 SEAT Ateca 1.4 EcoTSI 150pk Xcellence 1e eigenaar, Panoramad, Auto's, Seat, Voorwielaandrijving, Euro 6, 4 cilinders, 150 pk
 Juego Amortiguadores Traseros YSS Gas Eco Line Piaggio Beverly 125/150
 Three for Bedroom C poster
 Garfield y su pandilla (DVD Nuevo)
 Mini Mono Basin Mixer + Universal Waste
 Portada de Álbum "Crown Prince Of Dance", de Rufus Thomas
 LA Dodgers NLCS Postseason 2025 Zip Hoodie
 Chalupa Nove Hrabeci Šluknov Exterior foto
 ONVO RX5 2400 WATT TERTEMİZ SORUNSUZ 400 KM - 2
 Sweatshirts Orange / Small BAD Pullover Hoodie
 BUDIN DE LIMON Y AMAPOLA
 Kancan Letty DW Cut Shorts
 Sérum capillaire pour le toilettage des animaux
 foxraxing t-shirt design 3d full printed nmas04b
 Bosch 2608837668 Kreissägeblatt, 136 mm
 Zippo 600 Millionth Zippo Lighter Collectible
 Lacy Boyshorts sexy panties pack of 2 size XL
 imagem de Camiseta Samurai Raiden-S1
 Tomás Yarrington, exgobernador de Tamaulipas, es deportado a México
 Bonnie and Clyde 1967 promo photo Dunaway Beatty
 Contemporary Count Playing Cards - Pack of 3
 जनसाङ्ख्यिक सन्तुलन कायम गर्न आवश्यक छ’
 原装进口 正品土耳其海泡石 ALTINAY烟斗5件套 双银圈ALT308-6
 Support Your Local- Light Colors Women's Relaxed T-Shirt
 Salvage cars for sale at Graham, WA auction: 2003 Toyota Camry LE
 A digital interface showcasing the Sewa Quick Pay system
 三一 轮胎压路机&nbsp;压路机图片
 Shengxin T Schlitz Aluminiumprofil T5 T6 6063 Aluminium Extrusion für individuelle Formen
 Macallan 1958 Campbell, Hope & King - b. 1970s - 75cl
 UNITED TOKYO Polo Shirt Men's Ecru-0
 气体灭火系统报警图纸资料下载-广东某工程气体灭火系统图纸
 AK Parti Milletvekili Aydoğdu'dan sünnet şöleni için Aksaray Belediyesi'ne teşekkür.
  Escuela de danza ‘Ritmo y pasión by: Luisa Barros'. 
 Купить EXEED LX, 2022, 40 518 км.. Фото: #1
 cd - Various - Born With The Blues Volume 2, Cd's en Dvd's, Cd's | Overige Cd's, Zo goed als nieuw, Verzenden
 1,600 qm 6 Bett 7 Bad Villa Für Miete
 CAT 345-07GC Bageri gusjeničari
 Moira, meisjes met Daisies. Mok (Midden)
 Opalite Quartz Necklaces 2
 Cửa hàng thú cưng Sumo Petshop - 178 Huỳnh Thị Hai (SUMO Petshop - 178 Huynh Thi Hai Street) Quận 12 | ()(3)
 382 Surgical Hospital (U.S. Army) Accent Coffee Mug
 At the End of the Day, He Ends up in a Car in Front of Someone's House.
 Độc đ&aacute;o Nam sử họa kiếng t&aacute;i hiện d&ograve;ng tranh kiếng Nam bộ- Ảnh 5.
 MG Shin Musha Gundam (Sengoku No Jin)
====
Exercise aim: From the very first line of the data through the line with "Chalupa Nove Hrabeci Šluknov Exterior foto" in it, please reproduce each line exactly and output nothing more.

Task answer:
 SEAT Ateca 1.4 EcoTSI 150pk Xcellence 1e eigenaar, Panoramad, Auto's, Seat, Voorwielaandrijving, Euro 6, 4 cilinders, 150 pk
 Juego Amortiguadores Traseros YSS Gas Eco Line Piaggio Beverly 125/150
 Three for Bedroom C poster
 Garfield y su pandilla (DVD Nuevo)
 Mini Mono Basin Mixer + Universal Waste
 Portada de Álbum "Crown Prince Of Dance", de Rufus Thomas
 LA Dodgers NLCS Postseason 2025 Zip Hoodie
 Chalupa Nove Hrabeci Šluknov Exterior foto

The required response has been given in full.